-- WORK ORDER --
Write the records out again exactly, leaving no images in.

-- EXTRACTED DATA --
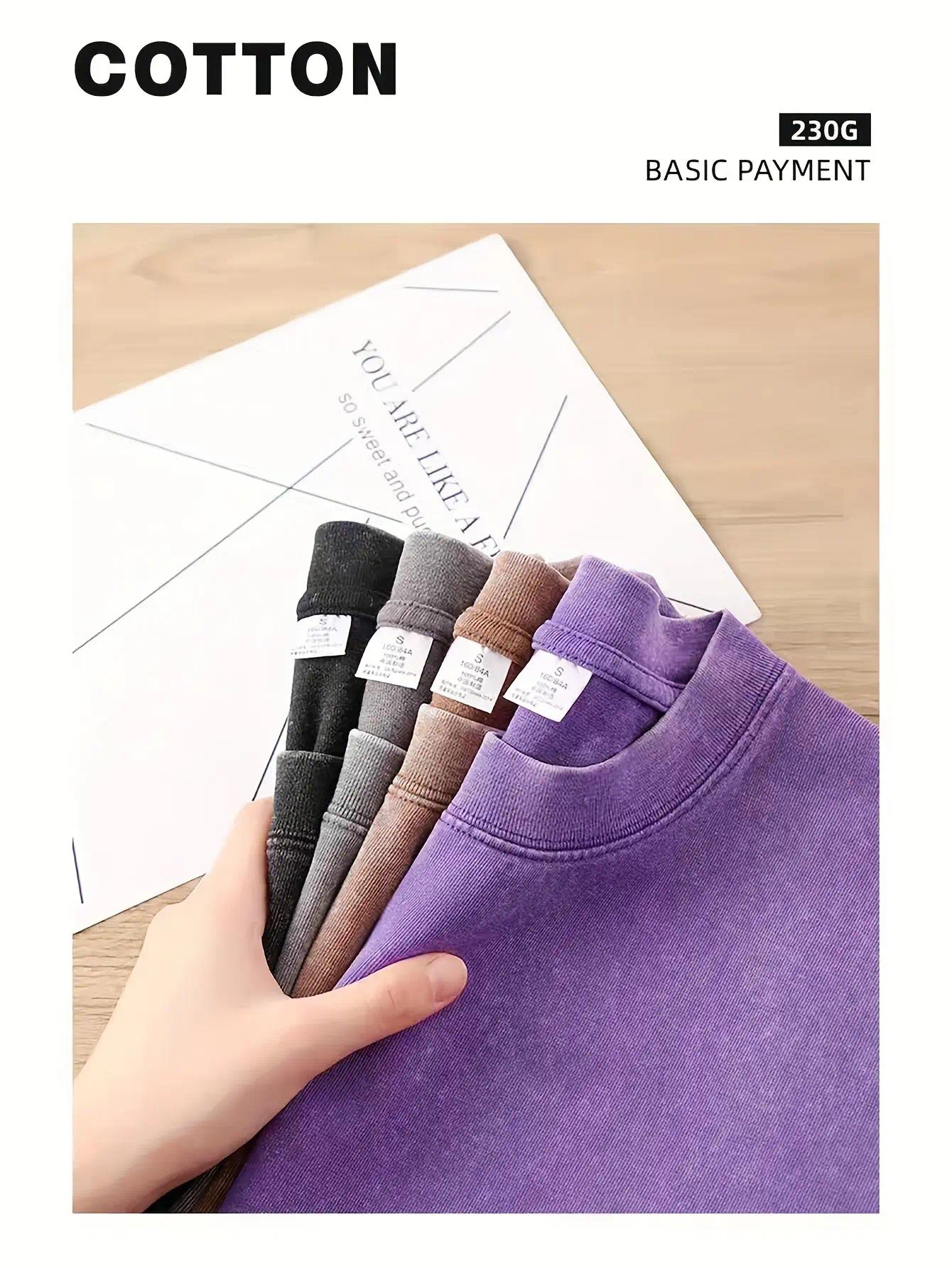 Hanma Baki Anime Double Printed Vintage Washed Tee Unisex Oversize Heavyweight Cotton T-shirt for Anime Fans and Lovers boyfriend  tees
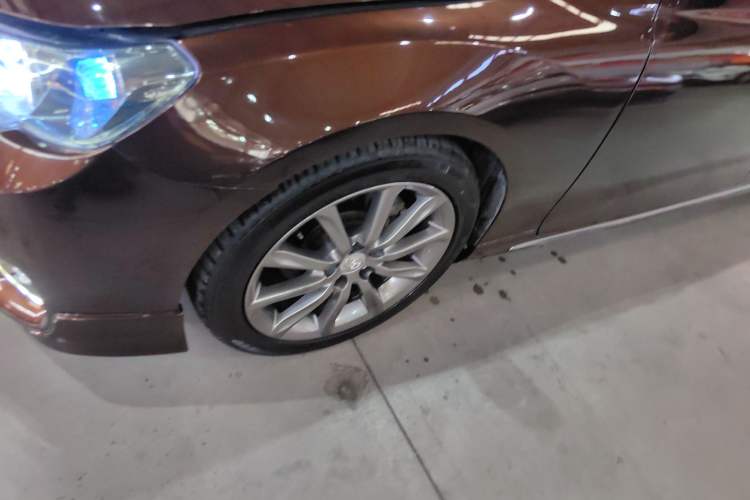 Used Toyota Reiz 2012 2.5V Fengdu Elite Stylish Edition Exterior 5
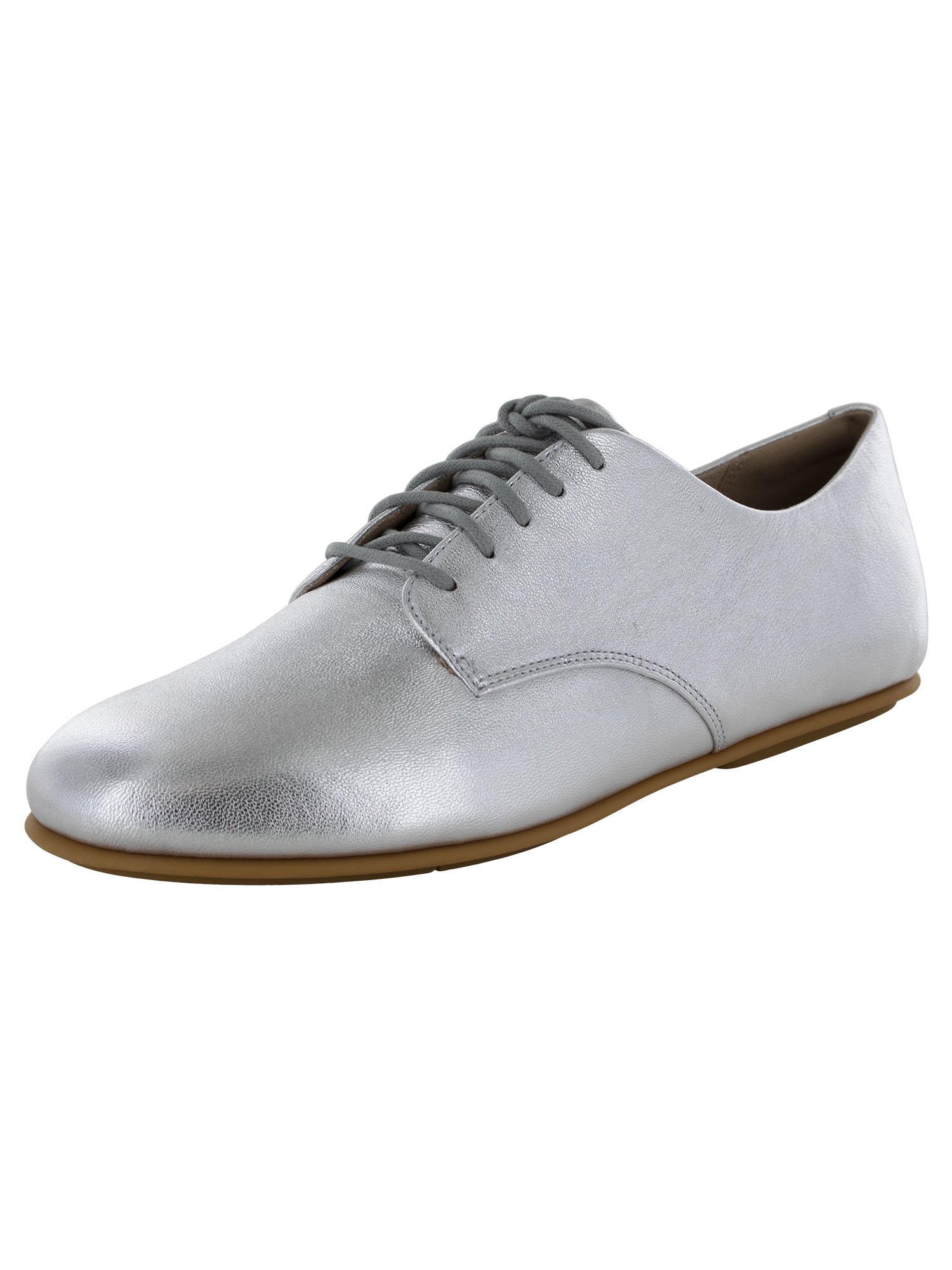 Fitflop Womens Adeola Leather Lace Up Derby Shoes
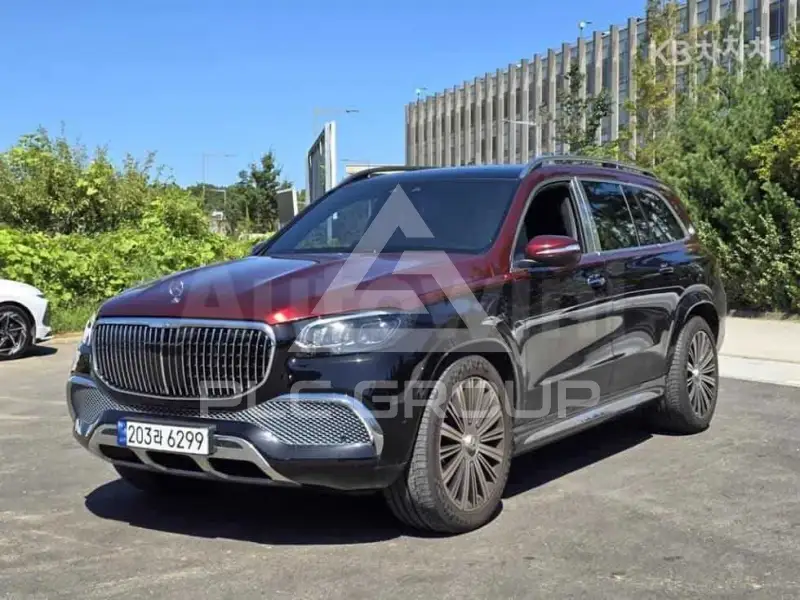 2023 Mercedes Benz GLS-Class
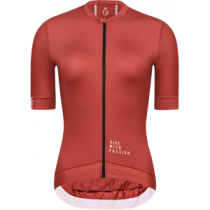 JERSEY MONTON WOMEN TRAVELER MAX RED 121111109 TALLA L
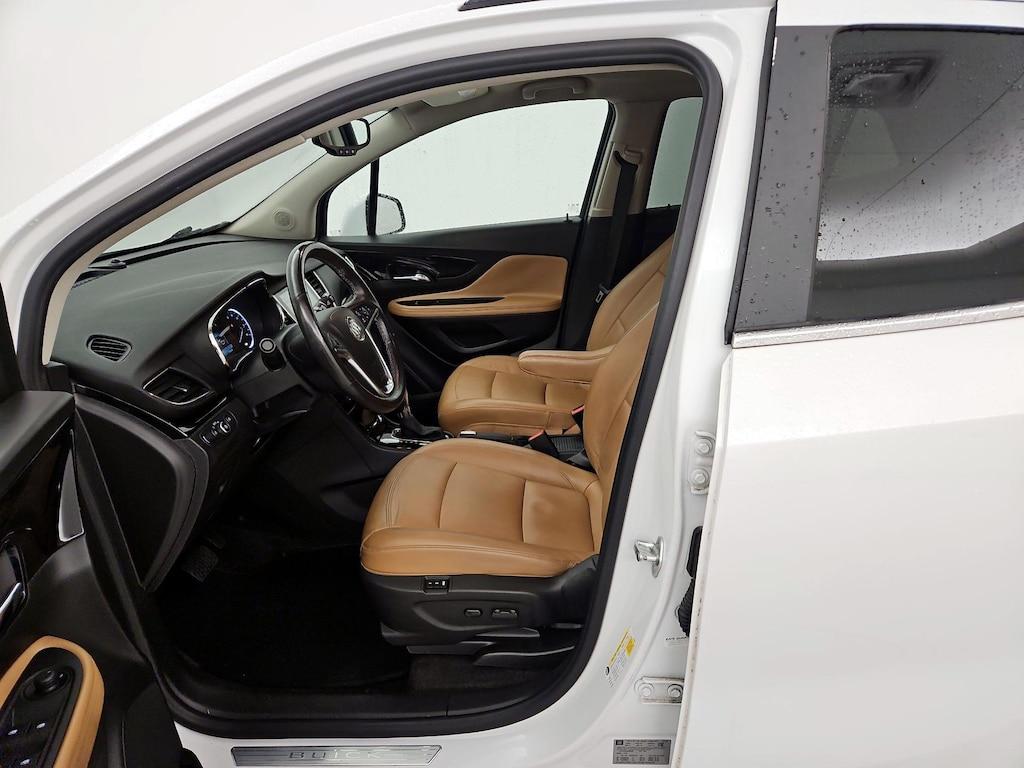 used 2017 Buick Encore car, priced at $16,998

-- ANSWER --
 Hanma Baki Anime Double Printed Vintage Washed Tee Unisex Oversize Heavyweight Cotton T-shirt for Anime Fans and Lovers boyfriend  tees
 Used Toyota Reiz 2012 2.5V Fengdu Elite Stylish Edition Exterior 5
 Fitflop Womens Adeola Leather Lace Up Derby Shoes
 2023 Mercedes Benz GLS-Class
 JERSEY MONTON WOMEN TRAVELER MAX RED 121111109 TALLA L
 used 2017 Buick Encore car, priced at $16,998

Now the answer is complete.